Au Burkina Faso, comme au Mali et au Niger voisins, les violences djihadistes ont aussi dégénéré en affrontements intercommunautaires. L’amalgame entre les populations peules et le djihadisme est répandu. Des ONG ont dénoncé des massacres de civils peuls par des milices progouvernementales ou l’armée, et les exactions d’une communauté entraînent des représailles de l’autre.

Le choix du tout-sécuritaire a été fait, mais l’armée burkinabè, mal équipée et mal entraînée, va de pertes en pertes, malgré quelques succès revendiqués.
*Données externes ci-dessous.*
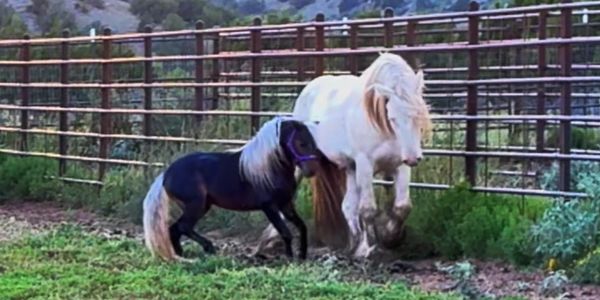 Two ponies facing each other near a fence.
La question d’un possible dialogue avec les groupes djihadistes, très présente au Mali, a fait débat durant la campagne, le président Kaboré étant contre, ses challengeurs se prononçant à la quasi-unanimité pour.
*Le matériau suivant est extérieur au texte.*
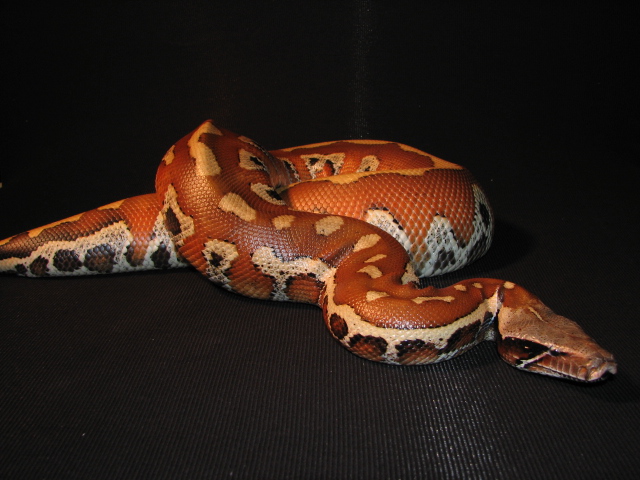 I'm sexy...should I cross my legs like this...do I have legs?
Une des solutions proposées par le chef de l’État sortant a été la création début 2020 de milices villageoises encadrées par l’État, les Volontaires pour la défense de la patrie (VDP).

Leur rôle dans la sécurisation du scrutin de ce dimanche reste flou : le parti présidentiel « pourrait être accusé d’utiliser ses troupes » pour encourager à voter Kaboré, dit une source diplomatique occidentale à Ouagadougou. À côté de ce possible dispositif, des membres de forces de sécurité, dont le nombre n’a pas été révélé, ont été déployées dans tout le pays.
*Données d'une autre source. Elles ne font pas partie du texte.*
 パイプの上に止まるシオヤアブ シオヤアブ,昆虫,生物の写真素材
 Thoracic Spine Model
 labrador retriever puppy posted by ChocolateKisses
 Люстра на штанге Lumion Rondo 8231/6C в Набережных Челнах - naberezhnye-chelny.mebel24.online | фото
En attendant, le nombre de personnes déplacées du fait de ces attaques a augmenté de façon exponentielle en deux ans jusqu’à atteindre le million, soit 5 % de la population burkinabè, des pans entiers du territoire échappant au contrôle de l’État.

Ce scrutin est également inédit, puisque les Burkinabè résidant à l’étranger ont pu participer au vote, pour la première fois dans l’histoire du pays.